### Records shown
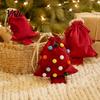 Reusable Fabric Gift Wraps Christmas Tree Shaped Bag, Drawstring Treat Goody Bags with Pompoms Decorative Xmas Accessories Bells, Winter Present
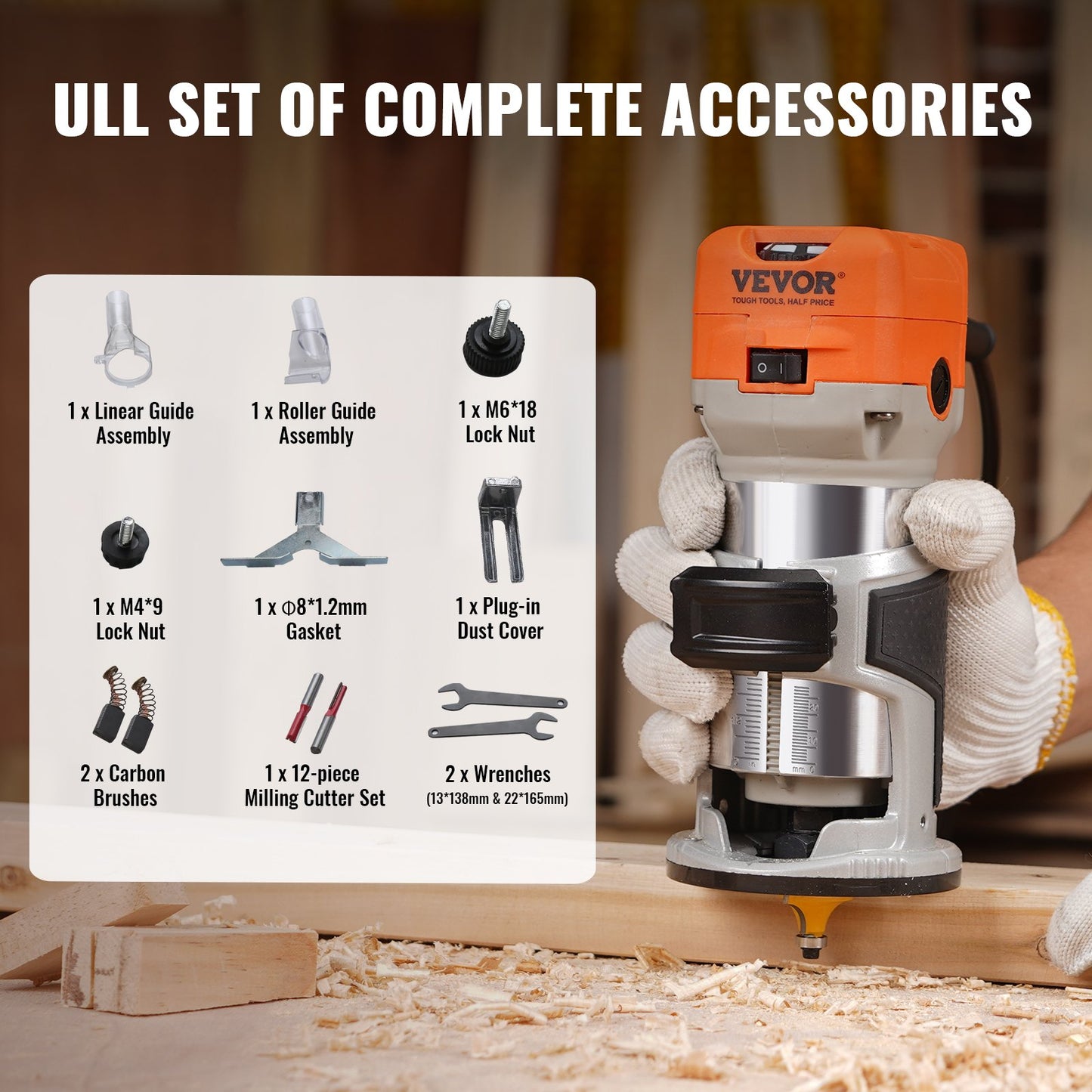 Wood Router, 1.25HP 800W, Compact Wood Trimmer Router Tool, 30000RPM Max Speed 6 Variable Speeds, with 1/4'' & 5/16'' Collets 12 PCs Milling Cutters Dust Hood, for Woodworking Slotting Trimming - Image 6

---

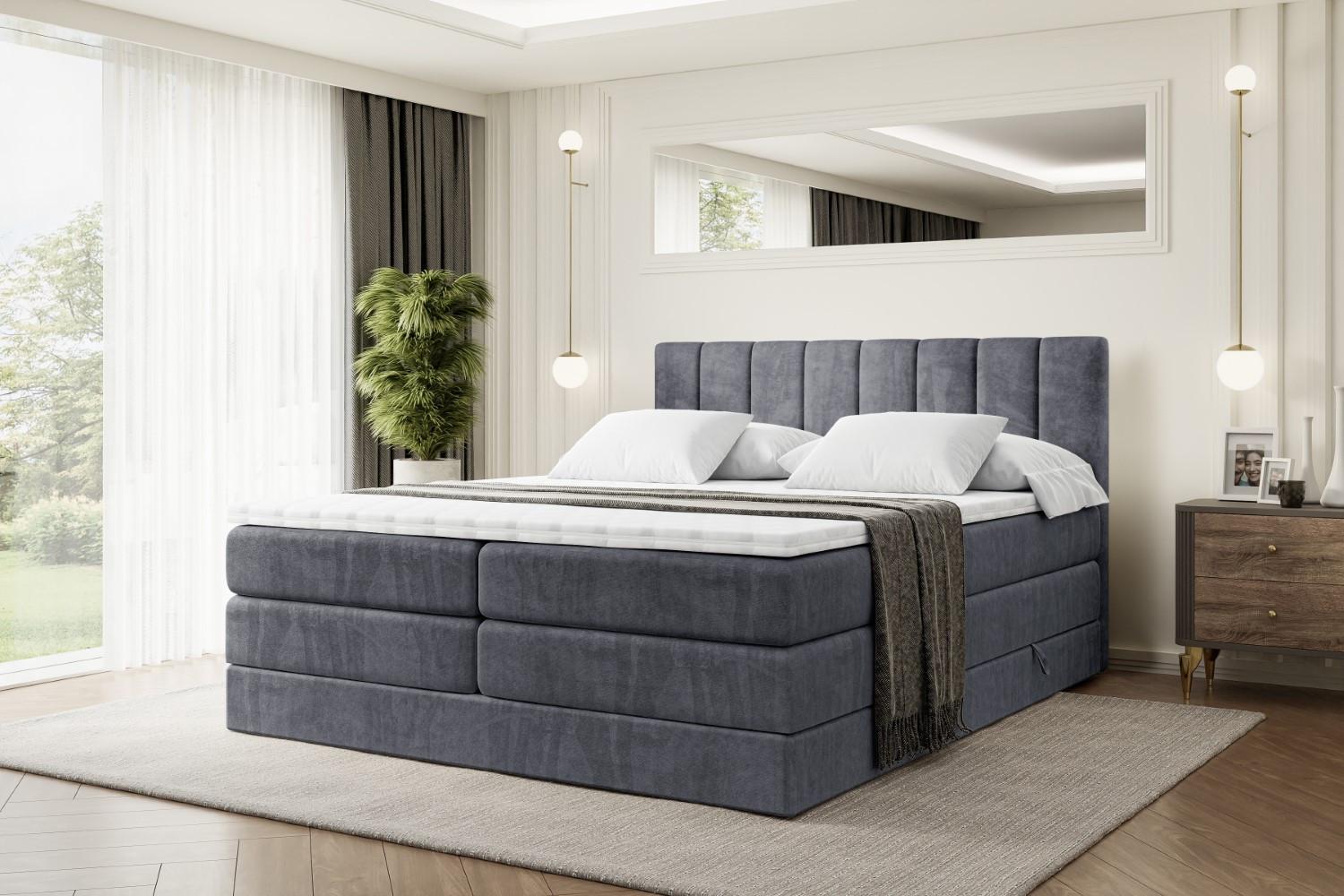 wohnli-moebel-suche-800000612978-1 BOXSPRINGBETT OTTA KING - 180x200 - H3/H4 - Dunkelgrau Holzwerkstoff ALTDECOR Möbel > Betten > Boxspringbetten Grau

### Exercise instructions
Print the line above containing "Reusable Fabric Gift", the line containing "Wood Router, 1.25HP", and everything between them, exactly as written. Pictures stay out.

### Answer box
 Reusable Fabric Gift Wraps Christmas Tree Shaped Bag, Drawstring Treat Goody Bags with Pompoms Decorative Xmas Accessories Bells, Winter Present
 Wood Router, 1.25HP 800W, Compact Wood Trimmer Router Tool, 30000RPM Max Speed 6 Variable Speeds, with 1/4'' & 5/16'' Collets 12 PCs Milling Cutters Dust Hood, for Woodworking Slotting Trimming - Image 6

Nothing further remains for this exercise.